Choice, freedom and governance

Choice and being able to make choices are fundamental for freedom. By no means does that freedom have to be wrapped in a democratic style of governance. However we have come to link the two as if one can not live without the other. With all the revolutions in the Middle East we are living through a time where freedom of choice is being expressed by the people. Often these people live in Autocratic societies.
Now, as an outsider, I know that I should have no say in how these people choose to be governed, that is up to them. When I hear leaders (as has Canada’s leader) call for regime change, I feel the bullet of oppression rip through the right to self-determination. I am all for ending the violence in these revolutionized countries but I do not want to support war mongering or anything else that will cause more bloodshed. Furthermore I do not want to force a system of government on anyone.
In Syria we have many countries flapping their mouths off about regime change.
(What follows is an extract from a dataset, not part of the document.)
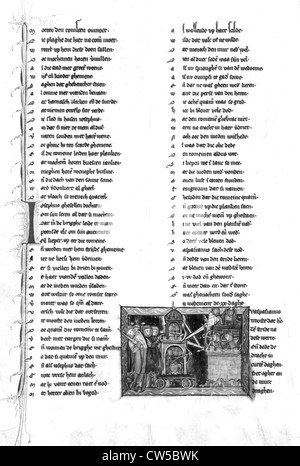 Maerlant, Rijmbijbel (rhyming Bibbia): assedio scena (Gerusalemme) Foto Stock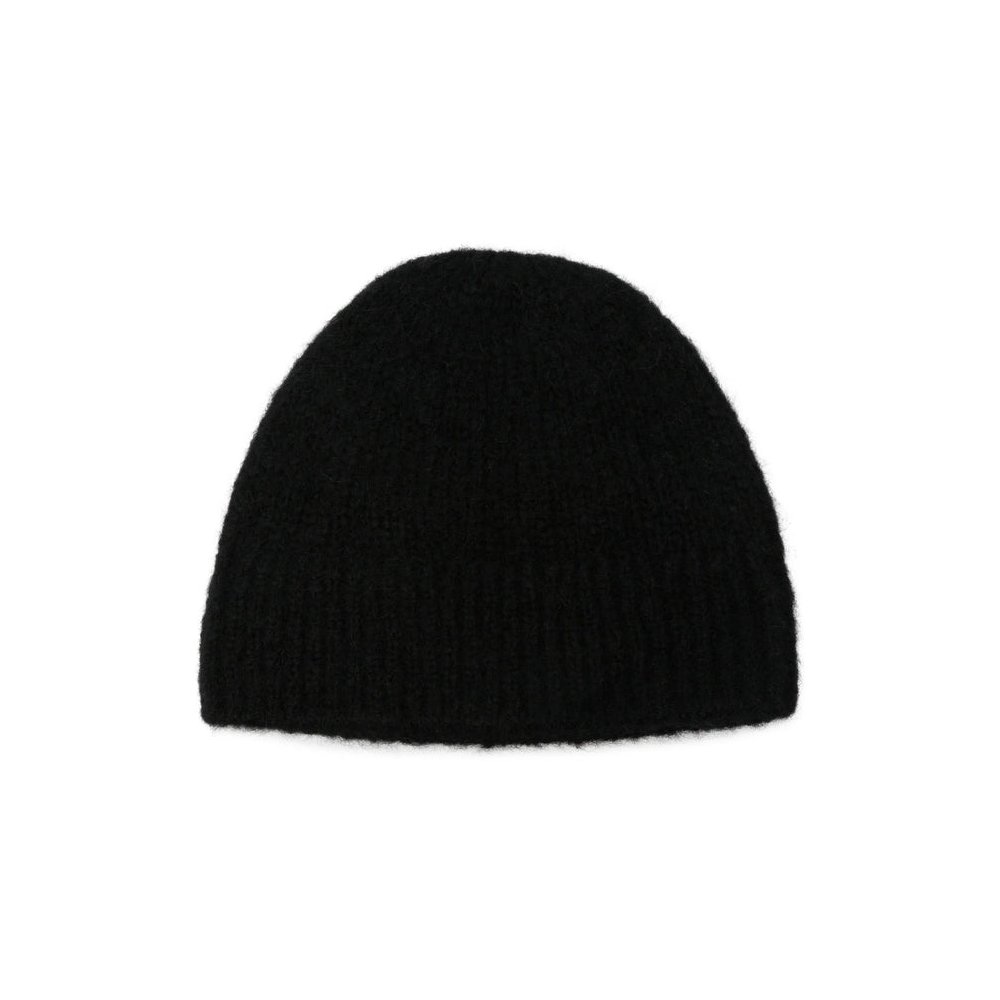 Dries Van Noten 4709 Alpaca-Merino Blend Ribbed Knit Beanie — Black, view 2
These same countries are providing support as well in the form of weapons and training. What is really surprising is that the support is given to opposition forces that have very little support amongst the people within Syria. By supporting these opposition forces we are supporting a group that represents a minority seeking power and using force to get that power. This is the very thing the revolution sought to end in the first place.
Over the course of events in Syria I have sided with the plan in which Russia and China have always stated. That being a coalition of leaders meeting with the Syrian government to hammer out a peace plan. Doing this will ensure sovereignty, legitimacy and hopefully a quicker agreement to a ceasefire agreement. At the outset the other three permanent members of the United Nations Security Council have fought those plans, which in the meantime more people of been killed. Somehow the popular perception has it that Russian and China are the ones that have been blocking peace efforts. The fact is opposite.
The people of Syria need to be given the chance to exercise their will to run their own country. That is their right and their freedom. If they want to be ruled by a monarchy or dictator so be it. What ever format they choose to make that choice we must support. Now of course the international community has to abide by international law and human rights. So we can not support a system that selects a leader by shooting each other.
Now to throw even more mud into the mix. The international community may be ethically bound to stop  violent conflicts, legally there are no grounds to do so unless such violence spills into neighbouring countries. This has not happened in Syria. However there are forces outside of Syria going in.
In Syria, the path to peace is to support the people of Syria. That path is through the existing government and a ceasefire agreement with all opposition forces. This is the support in which the international community has always been asked to provide: The support of the current government to uphold the current laws and constitution of the sovereign state.  With that the international community has limited that support if a government is actively killing its own people such as genocides. In such a case regime change is deemed necessary.

In conclusion, the international community must support the people in its right to choose the system and the leadership of their own country. Those rights must be protected up to the point where the system used threatens regional peace or threatens an unequal section of the population (what ever that is).